Shalit, 22, was captured in a cross-border raid near the Gaza Strip by Palestinian kidnappers on June 25, 2006, and has been held hostage by Hamas ever since.
He was a corporal at the time he was snatched but has since been promoted to staff sergeant.
Livni, who is also leader of the Kadima party, told the protesters: "Today there is a sense that Gilad Shalit's release is a question of whether the government wants to bring him back or not.
"If someone who enlists in the army is asking himself whether the government would want to release him or not, that is terrible in my eyes."
On the day she met the protesters, 150 demonstrators also gathered outside Prime Minister Ehud Olmert's Jerusalem home, calling on him to secure Shalit's release before the end of his time in office.
Earlier, Livni had hinted at a Tel Aviv high school that Shalit might remain in the hands of Hamas in Gaza for some time to come.

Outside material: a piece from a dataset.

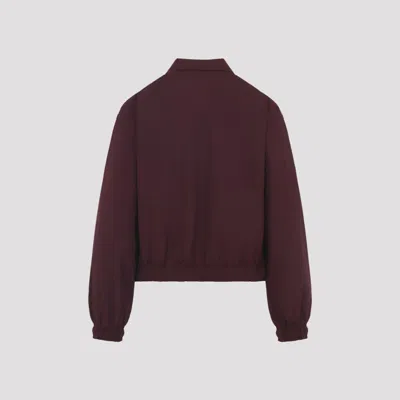 Prada Polyester Jacket In Purple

One of the demonstrators, Guy Elyasaf, expressed disappointment with the foreign minister.
"It has given us a feeling that Israel does not take responsibility for a soldier that falls into captivity," he said.
Pushed to explain her stance, Livni told Israel radio: "I will never negotiate his release in the media.
"I consistently refused and continue to refuse to politicise the issue by saying that some want him back more than others.
"We all want him back, [but] we cannot bring every soldier home."
However, Defence Minister Ehud Barak later disagreed with her when he said in Holon: "In order to return Gilad we'll have to make tough decisions, some of which also hold risks, but I'm willing to take the responsibility in order to see him among us.
"The last think we should do is renounce responsibility."
And IDF Chief of General Staff Gabi Ashkenazi said: "There is not a day where the subject of Gilad Shalit goes off the agenda."